What makes a software a working product, is its source code. From what a software is for, to whatever it can do, and how it works, is all written inside its source code.
Yandex is a Russian multinational technology company, which conducts business by providing internet-related products and services. It's an internet search engine, as well as an e-commerce platform, and a place for navigation, online advertising, and more.
The company operates an empire on the internet, and because of that, it's often referred to as the Google of Russia.
And this time, a Yandex source code repository allegedly stolen by a former employee of the Russian technology company, has allegedly been leaked as a torrent on a popular hacking forum.
The leaker posted a magnet link that they claim are "Yandex git sources," consisting a massive 44.7 GB of files stolen source code, which the leaker claimed to come from the company in July 2022.
These code repositories allegedly contain all of the company's source code besides anti-spam rules.
According to software engineer Arseniy Shestakov in his website post, the leaked Yandex Git repository contains technical data and code about the following products:
- Yandex search engine and indexing bot.
- Yandex Maps.
- Alice (AI assistant).
- Yandex Taxi.
- Yandex Direct (ads service).
- Yandex Mail.
- Yandex Disk (cloud storage service).
- Yandex Market.
- Yandex Travel (travel booking platform).
- Yandex360 (workspaces service).
- Yandex Cloud.
- Yandex Pay (payment processing service).
- Yandex Metrika (internet analytics).
Shestakov also put the alleged source code to a directory listing on GitHub.
"There are at least some API keys, but they are likely only been used for testing deployment only," Shestakov said about the leaked data.
In response to the alleged leak, Yandex made a statement, which said that its systems were not hacked, and confirmed the authenticity of the data.
"A repository is a tool for storing and working with code. Code is used in this way internally by most companies."
"Repositories are needed to work with code and are not intended for the storage of personal user data. We are conducting an internal investigation into the reasons for the release of source code fragments to the public, but we do not see any threat to user data or platform performance."
Speaking to BleepingComputer, Grigory Bakunov, a former senior systems administrator, deputy chief of development, and director of spreading technologies at Yandex, explained that the motive of the data leak was political, likely motivated by Russia’s invasion of Ukraine. Bakunov also said that the rogue Yandex employee responsible for the data leak had not tried to sell the code to competitors.
Bakunov added that the leak does not contain any customer data, so it does not pose a direct risk to the privacy or security of Yandex users, nor does it directly threaten to leak proprietary technology.
Just like big tech companies, Yandex is aware of possible data leak, and have precautions in place in case the worst happens.

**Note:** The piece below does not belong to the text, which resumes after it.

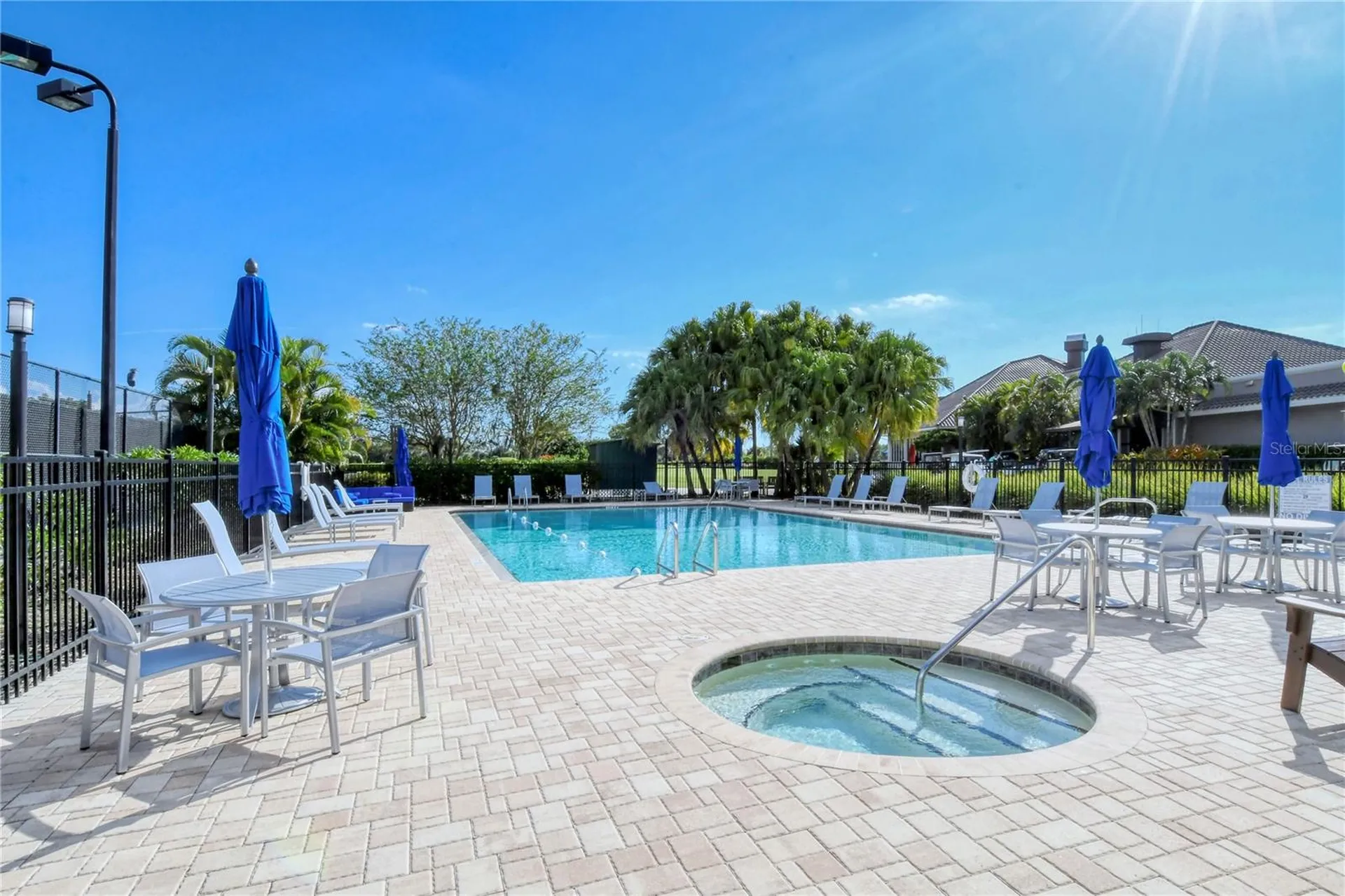 4223 Balmoral Way Sarasota FL 34238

In this case, Yandex is said to use a monorepo structure called 'Arcadia'. And to make the leaked source code a working software, internal tools and special knowledge are required.
What this means, standard compiling the code procedure does not apply.
What's more, the leaked repository contains only the code, but no database. What this means, even if the source code can be compiled and ran, key information is still missing, which in turn makes the software almost useless.
However, the leaked data does show some of the inner workings of Yandex.
First of, according to securitylab.ru, the leaked source code contains lots of code written in Python 2.7, and all files and folders have the same date: "2022-02-24."
Then, there are files with names like blacklist.txt, which could potentially expose working services. And then, it's also revealed that Yandex's search engine utilizes 1,922 ranking factors for its search algorithm, at least as of July 2022.
The code shows that the developers and programmers at Yandex, have been using racist words, and this was tolerated at Yandex.
This was revealed by Canadian hacker Aubrey Cottle, who noticed that the leaked code contains ethnic insults.
real code snippets from Yandex’s leaked git repos, woweeeee pic.twitter.com/p4dBibyQdS
— (@Kirtaner) January 27, 2023
The leaked code also suggests that Yandex has tweaked its pornography filter so that when users search for them, they won't see anything bad about Russia's President Vladimir Putin.
And if user search for the “z symbol,” the search engine would add a lot of negative clues to hide possible parallels with Nazi Germany.
similarly, for image requests, if you search for "z symbol", it adds a lot of negative prompts to conceal the possible nazi germany parallels.
this feature is also used to sneakily promote yandex-owned kinopoisk when you look for something to watch. it adds "host:kinopoisk\.ru"
— banteg (@bantg) January 27, 2023
Then there is the code that where Yandex users try to turn off smart speakers with Alisa voice assistant. Here, the code contains obscene language, threats to kill the virtual assistant, and accusations that it does not allow Russians to go to the toilet.
Там в сливе яндекса нашли юзер дату и эта юзер дата - записанные фразы которыми русаки вырубают умную колонку Алису, ну и конечно же там есть кто-то, кто блять СМАРТ КОЛОНКЕ применил что она не воевала суууууукааа pic.twitter.com/M5YWZz2ZQC
— Nuts) (@OMFGNuts) January 26, 2023
Responding to the racial slurs in its codes, the Russian tech giant apologized
"We deeply regret that this word ever appeared in our internal codes," the Yandex press office said.
But for what it's all worth, Bakunov confirmed that the leaked code does have the potential for hackers to identify security holes.
Knowledgeable and experienced hackers who analyze the source code may be able to find weaknesses in the systems for them to create exploits.
While Yandex said that the leaked code is not identical to the current version being used by the company, the former executive said that the leaked codes might be up to 90% similar.